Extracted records
════════════════
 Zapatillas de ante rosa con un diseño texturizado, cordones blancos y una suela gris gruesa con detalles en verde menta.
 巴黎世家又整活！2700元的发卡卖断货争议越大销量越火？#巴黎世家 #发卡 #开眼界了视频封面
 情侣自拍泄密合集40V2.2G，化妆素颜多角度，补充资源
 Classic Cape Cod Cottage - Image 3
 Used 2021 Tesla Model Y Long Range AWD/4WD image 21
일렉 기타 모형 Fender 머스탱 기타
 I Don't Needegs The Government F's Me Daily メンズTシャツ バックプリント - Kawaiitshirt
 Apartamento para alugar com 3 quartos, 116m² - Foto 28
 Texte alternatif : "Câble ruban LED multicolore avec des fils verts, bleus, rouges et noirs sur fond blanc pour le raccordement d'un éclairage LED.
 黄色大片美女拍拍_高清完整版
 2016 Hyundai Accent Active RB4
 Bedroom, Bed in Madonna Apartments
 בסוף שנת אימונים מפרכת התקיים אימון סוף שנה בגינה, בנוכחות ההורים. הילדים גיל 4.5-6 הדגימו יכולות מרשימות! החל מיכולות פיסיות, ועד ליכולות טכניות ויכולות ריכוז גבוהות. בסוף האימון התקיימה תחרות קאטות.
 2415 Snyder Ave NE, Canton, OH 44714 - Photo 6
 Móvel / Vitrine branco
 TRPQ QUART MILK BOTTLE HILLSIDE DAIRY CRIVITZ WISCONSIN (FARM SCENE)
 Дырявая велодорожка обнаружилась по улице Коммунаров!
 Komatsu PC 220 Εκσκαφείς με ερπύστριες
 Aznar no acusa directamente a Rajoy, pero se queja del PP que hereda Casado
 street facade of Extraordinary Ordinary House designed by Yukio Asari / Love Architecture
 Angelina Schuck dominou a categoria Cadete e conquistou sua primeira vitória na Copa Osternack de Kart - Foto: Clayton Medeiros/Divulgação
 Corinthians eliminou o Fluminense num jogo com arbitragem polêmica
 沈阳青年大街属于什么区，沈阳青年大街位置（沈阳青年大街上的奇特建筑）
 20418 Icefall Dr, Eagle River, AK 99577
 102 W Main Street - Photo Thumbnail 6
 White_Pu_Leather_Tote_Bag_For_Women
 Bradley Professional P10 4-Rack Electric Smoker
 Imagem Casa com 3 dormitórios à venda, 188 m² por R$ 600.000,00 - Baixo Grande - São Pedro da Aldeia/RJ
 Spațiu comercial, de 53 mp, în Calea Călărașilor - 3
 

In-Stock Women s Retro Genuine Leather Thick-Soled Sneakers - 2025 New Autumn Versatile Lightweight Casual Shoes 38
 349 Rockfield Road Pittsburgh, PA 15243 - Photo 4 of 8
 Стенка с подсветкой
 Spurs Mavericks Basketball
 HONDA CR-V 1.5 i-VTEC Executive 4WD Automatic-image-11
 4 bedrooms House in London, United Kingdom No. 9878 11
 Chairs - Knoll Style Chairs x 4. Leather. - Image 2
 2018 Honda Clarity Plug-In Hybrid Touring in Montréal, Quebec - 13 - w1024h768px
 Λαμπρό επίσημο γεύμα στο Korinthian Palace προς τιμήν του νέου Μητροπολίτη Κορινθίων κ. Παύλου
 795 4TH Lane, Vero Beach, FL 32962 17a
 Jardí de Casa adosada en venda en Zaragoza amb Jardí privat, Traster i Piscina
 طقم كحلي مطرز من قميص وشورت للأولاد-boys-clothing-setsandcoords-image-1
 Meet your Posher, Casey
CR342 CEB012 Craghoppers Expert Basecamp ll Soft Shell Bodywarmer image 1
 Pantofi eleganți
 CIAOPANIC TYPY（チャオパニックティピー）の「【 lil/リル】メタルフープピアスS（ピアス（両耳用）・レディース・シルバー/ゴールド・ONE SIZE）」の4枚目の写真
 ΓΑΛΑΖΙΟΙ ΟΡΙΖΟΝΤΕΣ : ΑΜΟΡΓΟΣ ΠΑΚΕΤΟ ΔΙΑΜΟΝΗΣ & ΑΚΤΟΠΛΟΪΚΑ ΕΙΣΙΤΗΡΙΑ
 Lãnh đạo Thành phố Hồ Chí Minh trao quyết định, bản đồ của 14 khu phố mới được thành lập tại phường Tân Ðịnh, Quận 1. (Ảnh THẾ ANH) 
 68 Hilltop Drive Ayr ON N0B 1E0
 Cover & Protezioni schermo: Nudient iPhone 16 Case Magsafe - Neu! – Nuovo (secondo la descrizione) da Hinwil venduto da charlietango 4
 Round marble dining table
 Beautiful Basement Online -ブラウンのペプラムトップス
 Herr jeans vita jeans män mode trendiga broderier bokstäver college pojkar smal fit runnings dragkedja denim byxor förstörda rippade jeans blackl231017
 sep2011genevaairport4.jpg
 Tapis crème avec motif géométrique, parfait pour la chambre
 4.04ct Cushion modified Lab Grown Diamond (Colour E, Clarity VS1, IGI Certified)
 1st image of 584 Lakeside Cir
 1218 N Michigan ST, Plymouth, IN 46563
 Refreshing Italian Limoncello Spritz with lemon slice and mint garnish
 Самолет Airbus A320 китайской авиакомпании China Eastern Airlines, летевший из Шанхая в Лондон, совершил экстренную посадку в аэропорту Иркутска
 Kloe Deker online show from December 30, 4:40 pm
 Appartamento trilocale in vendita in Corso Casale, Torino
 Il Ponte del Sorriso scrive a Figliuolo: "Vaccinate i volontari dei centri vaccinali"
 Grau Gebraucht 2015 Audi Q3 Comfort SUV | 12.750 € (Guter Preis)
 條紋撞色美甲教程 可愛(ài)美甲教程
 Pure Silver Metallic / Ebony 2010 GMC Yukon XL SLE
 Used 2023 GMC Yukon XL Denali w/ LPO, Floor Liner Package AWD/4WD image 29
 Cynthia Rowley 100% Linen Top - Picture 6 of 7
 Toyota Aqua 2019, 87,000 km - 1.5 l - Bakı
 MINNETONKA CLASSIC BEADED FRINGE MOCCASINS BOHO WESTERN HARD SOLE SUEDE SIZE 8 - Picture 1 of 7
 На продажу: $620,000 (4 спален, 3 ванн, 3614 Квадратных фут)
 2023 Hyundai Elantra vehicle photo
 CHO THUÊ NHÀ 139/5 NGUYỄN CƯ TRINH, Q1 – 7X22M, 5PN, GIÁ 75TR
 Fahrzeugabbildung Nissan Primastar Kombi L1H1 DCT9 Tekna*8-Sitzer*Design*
════════════════
PROMPT
Start at the line containing "CHO THUÊ NHÀ". Repeat it and each line after it, word for word, to the end of the records.

EXPECTED ANSWER
 CHO THUÊ NHÀ 139/5 NGUYỄN CƯ TRINH, Q1 – 7X22M, 5PN, GIÁ 75TR
 Fahrzeugabbildung Nissan Primastar Kombi L1H1 DCT9 Tekna*8-Sitzer*Design*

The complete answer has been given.